The estate of Michael Jackson is suing the makers of new documentary Leaving Neverland for $100 million (nearly £77 million).
It is citing a contract HBO signed in 1992, when it broadcast the show Michael Jackson in Concert in Bucharest: The Dangerous Tour.
A clause in the contract prevented the broadcaster from disparaging the singer in any of its future content.
“The Jackson Estate will seek all damages proximately caused by HBO’s reprehensible disparagement of Michael Jackson, which could exceed $100 million should HBO succeed in the damage it is intending to cause to the legacy of Michael Jackson,” reads the complaint.

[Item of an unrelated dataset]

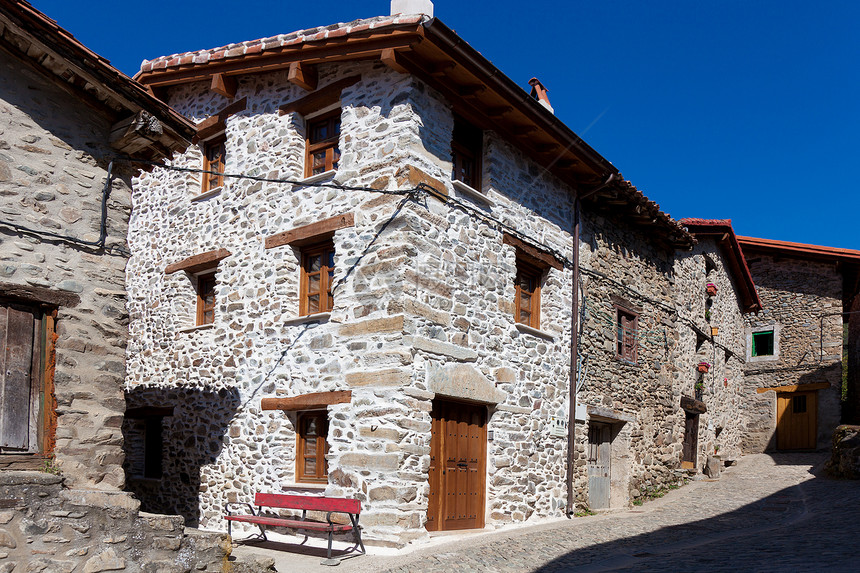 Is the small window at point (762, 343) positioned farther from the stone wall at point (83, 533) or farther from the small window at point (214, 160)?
the stone wall at point (83, 533)

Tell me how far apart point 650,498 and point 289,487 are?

Attorney for the Jackson estate Howard Weitzman told Deadline: “HBO breached its agreement not to disparage Michael Jackson by producing and selling to the public a one-sided marathon of unvetted propaganda to shamelessly exploit an innocent man no longer here to defend himself.”
The documentary, which spans four hours and was premiered at the Sundance Film Festival last month, centres on testimony from Wade Robson and James Safechuck, who Jackson befriended as children.

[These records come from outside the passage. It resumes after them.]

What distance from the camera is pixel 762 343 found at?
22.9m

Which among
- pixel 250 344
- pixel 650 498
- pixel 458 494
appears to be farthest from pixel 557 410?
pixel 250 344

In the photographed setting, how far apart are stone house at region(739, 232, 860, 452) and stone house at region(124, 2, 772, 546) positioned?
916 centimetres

Both claim they were subjected to sexual abuse at the hands of the singer aged seven and 10.
HBO has said that it still intends to broadcast the documentary, made by British BAFTA-winning director Dan Reed, next month.

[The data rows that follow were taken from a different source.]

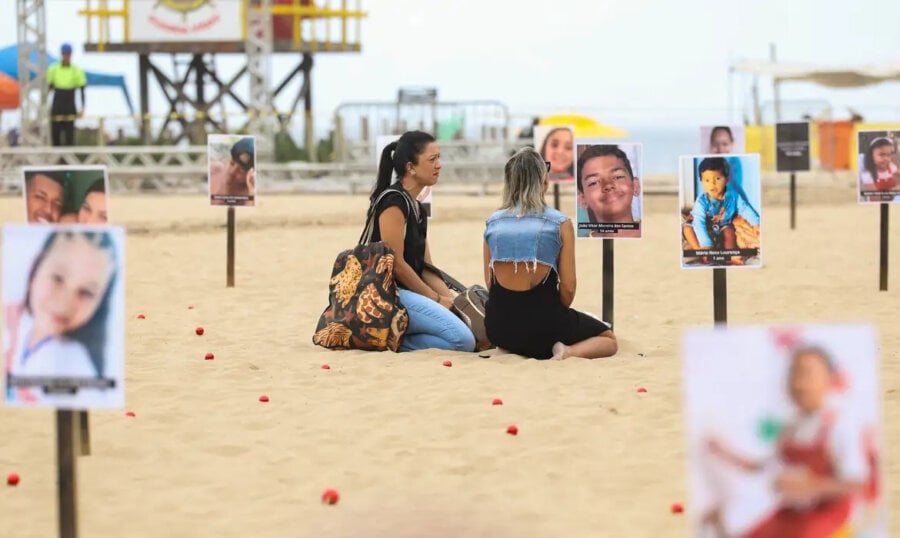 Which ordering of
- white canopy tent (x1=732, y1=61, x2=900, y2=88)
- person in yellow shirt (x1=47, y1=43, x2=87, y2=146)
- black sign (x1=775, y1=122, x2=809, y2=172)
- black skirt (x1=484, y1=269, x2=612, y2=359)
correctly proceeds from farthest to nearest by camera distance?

“Despite the desperate lengths taken to undermine the film, our plans remain unchanged,” it said in a statement.
“HBO will move forward with the airing of Leaving Neverland, the two-part documentary, on March 3rd and 4th. This will allow everyone the opportunity to assess the film and the claims in it for themselves.”
The film will also be shown on Channel 4 on March 5 and 6.